R. at 318, 320. A handwritten notation at the bottom of the first page of the veteran’s June 1991 letter stated that the letter was being “accepted in lieu of [VA Form] 1-9”. R. at 317. In a July 10, 1991, letter to the veteran, the RO noted that it was replying to his June 6,1991, letter, and stated:

Please note that as we explained in our letter of April 15, 1991, the findings of a [MPEB] do not bind [VA]. Although they might state [that] they are using the Rating Schedule which [ ] VA uses, their determination of the evaluation based on the findings in a particular case may still differ.
We will be happy to reevaluate your claim if you furnish evidence of recent treatment for your service-connected disabilities or furnish us with authorization to obtain records where you have been recently treated.

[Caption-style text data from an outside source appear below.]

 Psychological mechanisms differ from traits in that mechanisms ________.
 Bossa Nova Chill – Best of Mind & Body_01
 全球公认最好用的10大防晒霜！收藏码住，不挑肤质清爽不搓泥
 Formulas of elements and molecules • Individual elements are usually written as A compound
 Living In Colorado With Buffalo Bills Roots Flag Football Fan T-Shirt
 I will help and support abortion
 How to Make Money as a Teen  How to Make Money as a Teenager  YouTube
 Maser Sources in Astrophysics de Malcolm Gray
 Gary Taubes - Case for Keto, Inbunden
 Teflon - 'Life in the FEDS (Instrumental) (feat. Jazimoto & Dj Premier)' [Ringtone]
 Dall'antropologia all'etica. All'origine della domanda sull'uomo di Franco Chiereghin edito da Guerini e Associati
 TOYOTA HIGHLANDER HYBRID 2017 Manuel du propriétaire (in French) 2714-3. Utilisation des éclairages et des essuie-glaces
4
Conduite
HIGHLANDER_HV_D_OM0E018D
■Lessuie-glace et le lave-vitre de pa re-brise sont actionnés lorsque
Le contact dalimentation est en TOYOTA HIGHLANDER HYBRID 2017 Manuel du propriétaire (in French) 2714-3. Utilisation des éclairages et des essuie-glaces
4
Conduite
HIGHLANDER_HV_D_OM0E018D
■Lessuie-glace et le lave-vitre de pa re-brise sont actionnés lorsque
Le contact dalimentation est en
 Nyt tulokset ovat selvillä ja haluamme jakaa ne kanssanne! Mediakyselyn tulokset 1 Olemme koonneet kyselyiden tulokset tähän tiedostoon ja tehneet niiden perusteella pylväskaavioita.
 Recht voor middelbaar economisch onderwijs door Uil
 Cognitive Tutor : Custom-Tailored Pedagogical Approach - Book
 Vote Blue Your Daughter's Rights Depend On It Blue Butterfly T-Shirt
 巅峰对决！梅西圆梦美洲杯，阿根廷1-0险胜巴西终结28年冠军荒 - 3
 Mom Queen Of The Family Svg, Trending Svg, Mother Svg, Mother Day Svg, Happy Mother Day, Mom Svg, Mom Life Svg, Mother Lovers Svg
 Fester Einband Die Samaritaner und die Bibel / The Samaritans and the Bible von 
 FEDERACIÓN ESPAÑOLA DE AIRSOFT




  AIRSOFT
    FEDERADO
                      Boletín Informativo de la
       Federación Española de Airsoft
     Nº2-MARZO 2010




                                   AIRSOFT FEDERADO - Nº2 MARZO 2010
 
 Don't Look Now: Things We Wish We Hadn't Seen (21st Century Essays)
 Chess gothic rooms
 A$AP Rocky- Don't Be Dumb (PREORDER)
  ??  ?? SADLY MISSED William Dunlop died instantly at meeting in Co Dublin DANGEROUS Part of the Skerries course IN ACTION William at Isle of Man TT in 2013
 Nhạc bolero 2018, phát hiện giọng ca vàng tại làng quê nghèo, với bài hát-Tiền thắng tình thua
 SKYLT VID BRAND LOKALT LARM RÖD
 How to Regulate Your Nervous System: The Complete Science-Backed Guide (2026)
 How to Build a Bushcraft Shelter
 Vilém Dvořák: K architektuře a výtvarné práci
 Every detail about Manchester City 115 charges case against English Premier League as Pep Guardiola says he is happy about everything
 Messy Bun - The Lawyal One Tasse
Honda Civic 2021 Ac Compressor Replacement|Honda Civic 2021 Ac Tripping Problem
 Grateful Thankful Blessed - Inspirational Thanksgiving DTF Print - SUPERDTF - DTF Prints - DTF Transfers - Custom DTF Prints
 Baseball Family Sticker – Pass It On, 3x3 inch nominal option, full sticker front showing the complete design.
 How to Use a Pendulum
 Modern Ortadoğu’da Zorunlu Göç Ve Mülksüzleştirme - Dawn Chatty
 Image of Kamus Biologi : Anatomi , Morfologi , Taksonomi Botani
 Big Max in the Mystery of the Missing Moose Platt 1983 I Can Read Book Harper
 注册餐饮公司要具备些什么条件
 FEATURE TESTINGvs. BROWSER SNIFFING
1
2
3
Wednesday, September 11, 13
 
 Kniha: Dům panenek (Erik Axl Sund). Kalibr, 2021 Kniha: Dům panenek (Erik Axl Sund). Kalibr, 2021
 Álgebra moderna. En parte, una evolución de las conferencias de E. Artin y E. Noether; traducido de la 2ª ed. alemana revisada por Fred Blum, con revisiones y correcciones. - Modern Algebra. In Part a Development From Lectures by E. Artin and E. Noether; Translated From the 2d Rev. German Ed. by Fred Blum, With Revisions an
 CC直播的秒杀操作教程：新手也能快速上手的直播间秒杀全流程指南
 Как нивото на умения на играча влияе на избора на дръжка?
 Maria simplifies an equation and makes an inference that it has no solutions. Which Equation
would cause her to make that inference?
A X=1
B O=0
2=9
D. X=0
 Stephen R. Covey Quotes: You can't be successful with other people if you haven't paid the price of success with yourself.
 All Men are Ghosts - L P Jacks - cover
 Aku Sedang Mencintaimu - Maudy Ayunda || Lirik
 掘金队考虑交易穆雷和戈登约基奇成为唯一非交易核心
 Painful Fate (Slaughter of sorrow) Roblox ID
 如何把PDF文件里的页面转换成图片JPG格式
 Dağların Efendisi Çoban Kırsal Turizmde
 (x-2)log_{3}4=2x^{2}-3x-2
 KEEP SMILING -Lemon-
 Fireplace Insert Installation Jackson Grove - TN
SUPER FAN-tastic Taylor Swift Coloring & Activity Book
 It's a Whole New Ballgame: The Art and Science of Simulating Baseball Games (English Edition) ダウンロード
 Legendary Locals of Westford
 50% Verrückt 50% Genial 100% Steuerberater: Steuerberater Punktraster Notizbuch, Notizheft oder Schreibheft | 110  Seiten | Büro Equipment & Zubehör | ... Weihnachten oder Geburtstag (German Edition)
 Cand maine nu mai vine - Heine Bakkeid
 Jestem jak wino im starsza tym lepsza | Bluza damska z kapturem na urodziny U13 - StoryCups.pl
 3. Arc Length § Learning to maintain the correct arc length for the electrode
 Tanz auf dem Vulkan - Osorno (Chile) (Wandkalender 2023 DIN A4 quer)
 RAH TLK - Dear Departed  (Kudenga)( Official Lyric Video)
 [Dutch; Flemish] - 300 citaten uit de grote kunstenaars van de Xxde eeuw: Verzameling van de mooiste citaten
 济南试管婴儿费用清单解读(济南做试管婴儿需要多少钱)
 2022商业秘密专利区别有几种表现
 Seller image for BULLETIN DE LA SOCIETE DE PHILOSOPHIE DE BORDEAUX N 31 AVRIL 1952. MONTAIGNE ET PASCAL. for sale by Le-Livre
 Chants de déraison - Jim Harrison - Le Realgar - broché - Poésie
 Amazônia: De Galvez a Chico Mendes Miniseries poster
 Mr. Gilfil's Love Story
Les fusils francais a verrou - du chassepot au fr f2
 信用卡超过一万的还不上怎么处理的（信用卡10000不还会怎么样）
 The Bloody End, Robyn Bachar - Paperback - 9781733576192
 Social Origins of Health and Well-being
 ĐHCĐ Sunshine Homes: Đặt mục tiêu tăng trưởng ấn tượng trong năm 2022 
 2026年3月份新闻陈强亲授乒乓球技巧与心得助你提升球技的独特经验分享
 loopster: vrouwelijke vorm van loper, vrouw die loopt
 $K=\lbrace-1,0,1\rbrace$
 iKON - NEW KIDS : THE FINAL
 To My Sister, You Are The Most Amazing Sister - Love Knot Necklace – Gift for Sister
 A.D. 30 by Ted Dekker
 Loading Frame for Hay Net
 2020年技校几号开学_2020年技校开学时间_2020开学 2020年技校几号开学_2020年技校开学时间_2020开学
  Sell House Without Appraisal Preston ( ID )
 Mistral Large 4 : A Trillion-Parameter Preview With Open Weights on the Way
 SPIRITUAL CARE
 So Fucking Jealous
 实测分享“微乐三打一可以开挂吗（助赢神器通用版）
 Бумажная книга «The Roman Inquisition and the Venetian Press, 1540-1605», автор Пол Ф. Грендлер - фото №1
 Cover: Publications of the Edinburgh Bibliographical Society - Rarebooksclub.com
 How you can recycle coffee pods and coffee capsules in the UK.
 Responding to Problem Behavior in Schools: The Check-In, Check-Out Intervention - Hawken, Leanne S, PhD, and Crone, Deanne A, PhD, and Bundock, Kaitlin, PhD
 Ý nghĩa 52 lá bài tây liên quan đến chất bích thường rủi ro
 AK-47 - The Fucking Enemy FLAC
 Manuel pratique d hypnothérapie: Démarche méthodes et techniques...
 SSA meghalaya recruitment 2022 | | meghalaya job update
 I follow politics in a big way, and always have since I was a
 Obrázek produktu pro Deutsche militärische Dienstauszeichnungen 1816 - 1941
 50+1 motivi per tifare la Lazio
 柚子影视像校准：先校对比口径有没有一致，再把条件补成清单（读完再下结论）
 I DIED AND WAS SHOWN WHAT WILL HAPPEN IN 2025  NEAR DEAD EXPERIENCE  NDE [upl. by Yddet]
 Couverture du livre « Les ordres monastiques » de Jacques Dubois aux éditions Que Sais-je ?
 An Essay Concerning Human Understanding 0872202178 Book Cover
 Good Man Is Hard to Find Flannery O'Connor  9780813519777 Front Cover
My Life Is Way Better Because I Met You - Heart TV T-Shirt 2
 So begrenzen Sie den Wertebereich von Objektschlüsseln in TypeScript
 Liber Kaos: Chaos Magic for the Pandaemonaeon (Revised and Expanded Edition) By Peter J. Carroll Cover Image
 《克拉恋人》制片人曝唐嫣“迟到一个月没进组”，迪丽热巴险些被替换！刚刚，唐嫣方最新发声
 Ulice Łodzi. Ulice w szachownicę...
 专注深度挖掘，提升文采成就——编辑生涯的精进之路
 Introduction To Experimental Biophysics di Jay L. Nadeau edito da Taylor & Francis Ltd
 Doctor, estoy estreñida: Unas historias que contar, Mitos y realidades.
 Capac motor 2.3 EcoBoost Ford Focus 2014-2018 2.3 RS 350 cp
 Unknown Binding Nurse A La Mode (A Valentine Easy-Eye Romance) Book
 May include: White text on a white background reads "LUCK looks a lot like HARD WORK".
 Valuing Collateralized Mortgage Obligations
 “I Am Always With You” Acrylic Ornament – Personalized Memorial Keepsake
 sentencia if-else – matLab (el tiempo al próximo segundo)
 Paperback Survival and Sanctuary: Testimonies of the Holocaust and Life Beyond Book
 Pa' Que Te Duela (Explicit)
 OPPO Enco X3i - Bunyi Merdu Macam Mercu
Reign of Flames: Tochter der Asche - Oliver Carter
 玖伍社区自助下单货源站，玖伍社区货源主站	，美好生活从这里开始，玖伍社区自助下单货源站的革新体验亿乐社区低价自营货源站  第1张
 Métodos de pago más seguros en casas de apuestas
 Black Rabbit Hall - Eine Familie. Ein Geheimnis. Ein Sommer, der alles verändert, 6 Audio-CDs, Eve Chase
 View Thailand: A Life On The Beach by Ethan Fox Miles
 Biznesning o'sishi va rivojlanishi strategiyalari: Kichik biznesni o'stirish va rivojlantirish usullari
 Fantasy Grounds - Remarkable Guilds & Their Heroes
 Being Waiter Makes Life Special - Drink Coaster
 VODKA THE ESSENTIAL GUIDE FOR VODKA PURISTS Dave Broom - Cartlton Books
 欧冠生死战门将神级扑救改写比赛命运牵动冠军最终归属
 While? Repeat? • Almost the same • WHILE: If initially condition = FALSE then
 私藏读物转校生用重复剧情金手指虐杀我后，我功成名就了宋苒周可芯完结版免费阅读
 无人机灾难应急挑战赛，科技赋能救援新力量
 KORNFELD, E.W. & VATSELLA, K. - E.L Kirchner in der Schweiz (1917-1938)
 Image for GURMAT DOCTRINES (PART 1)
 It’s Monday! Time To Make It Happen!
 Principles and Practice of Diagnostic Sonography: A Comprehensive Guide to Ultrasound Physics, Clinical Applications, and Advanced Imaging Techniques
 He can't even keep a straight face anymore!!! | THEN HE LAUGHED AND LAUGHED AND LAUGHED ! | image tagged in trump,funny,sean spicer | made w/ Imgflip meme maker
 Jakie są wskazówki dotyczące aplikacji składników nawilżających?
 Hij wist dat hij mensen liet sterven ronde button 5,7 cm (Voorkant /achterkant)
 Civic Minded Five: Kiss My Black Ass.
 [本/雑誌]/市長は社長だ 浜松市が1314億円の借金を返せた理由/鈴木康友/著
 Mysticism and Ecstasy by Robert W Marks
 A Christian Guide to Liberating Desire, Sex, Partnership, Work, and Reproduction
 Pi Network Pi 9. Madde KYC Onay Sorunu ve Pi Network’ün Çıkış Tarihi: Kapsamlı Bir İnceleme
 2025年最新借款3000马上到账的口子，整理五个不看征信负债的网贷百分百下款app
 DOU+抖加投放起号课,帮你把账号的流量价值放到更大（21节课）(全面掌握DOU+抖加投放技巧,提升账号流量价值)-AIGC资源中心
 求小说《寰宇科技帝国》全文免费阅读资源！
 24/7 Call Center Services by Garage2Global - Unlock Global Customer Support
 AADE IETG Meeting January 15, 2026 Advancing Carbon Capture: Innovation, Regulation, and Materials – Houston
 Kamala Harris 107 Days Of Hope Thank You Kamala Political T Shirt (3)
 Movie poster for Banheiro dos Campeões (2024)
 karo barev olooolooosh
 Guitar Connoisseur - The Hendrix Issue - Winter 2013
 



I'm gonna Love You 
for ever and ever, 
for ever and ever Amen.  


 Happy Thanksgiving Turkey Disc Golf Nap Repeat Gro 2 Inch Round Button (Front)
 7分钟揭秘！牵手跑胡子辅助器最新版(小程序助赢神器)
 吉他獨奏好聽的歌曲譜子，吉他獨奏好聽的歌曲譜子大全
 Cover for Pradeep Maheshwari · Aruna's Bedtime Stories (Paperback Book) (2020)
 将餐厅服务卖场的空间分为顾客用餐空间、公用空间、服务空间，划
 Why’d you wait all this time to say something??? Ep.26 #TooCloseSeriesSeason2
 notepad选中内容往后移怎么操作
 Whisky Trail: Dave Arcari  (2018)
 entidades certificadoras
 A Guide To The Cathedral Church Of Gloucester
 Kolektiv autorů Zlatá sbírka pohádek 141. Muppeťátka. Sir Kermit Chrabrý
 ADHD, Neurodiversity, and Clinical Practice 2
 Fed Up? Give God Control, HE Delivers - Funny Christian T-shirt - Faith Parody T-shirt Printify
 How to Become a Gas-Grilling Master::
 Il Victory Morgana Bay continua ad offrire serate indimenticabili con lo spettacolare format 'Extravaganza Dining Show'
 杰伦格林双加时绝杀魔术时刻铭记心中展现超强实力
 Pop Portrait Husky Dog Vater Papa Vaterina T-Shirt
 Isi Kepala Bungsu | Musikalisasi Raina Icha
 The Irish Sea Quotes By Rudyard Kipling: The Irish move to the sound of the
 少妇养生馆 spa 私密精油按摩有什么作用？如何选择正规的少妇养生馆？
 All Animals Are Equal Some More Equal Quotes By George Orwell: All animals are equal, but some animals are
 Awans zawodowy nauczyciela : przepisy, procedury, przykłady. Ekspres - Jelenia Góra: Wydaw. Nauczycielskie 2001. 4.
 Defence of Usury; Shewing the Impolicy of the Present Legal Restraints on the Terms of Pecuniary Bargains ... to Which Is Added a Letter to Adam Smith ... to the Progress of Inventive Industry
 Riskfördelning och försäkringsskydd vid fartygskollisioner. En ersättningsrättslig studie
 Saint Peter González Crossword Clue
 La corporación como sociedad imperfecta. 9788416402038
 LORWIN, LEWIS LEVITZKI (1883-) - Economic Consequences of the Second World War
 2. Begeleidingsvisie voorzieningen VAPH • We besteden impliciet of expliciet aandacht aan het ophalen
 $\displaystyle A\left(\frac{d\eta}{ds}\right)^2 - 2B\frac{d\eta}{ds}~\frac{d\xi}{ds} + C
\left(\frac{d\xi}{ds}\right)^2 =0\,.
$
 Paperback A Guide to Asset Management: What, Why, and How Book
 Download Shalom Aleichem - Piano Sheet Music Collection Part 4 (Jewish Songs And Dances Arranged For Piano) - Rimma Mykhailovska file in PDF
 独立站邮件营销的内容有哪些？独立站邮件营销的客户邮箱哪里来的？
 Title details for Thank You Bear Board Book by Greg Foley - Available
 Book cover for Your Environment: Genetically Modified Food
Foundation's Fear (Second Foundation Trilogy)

R. at 341. In response to an inquiry by a Congressman as to the status of the veteran’s claims, the RO wrote in July 1991:

[The veteran] has made reference to the proceedings of his [MPEB] held in 1952 and its findings that his total disability evaluation is 40%. We advised him on July 10, 1991, that the ñndings of the MPEB do not bind the VA, despite the fact that it might use the same schedule for rating disabilities that the VA uses. In addition, we must base our disability evaluation upon the current severity of the veteran’s disabilities rather than on their severity in 1952.
We have accepted [the veteran’s] letter of June 6, 1991, as a substantive appeal and will presently refer his appeal to the Board ... for an independent review.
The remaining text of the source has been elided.